The association argues that the obligation would be a “serious threat to consumer protection”.
Belgium.- The Belgian Association of Gaming Operators (BAGO) has criticised government plans to force Belgian players to register for separate online betting and casino accounts. It claims the move could harm safer gambling initiatives.
The Belgian government is considering the requirement to separate betting from online casino in an amendment to a 2019 bill introduced in the Chamber of Representatives. The original bill only banned operators from offering betting and casino gaming on the same website.
The Belgian Gambling Commission (BGC) issues separate licences for casino games and sports betting, and court rulings in Belgium have determined that in order to ensure equal terms with land-based gaming, operators cannot offer the two verticals on the same website.
The original 2019 bill established that operators must split gaming and betting across different URLs but would allow players to use a single account across each operator’s different sites. However, the new amendment would prohibit that, forcing players to register separately for each vertical.
The amendment states: “It is not permitted to use the same player account for participation in games of chance operated on the basis of different licenses. It is also prohibited to transact between different player accounts.”
BAGO warned that the rule could cause players to lose control of their spending because they would have more accounts to keep tabs on. That added friction could cause some players to turn to the black market, it said.
It also believes the move would make it harder for operators to monitor player behaviour and share consolidated data with the BGC.
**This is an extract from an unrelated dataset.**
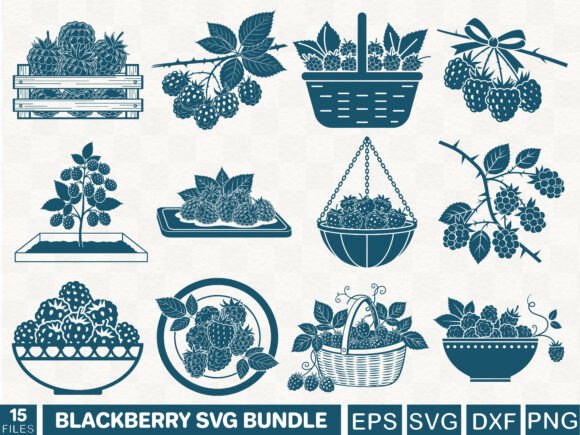 A Blackberry SVG Bundle for Illustrations and Graphics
It said the amendment posed a “serious threat to consumer protection” and that it “advocates maintaining the single player accounts per operator to offer more, better and substantiated player protection.”
Belgium limits newsagents’ betting hours, stakes and advertising
In March, the BGC announced the implementation of a new Royal Decree on gambling, which imposes restrictions on betting stakes, times and advertising at newsagents in the country. The legislation was approved in February following advice from the BGC.
While the original degree brought in regulation allowing newsagents to take retail bets, the new rules place more restrictions on how they can do that, including major restrictions on how much of their income can come from betting.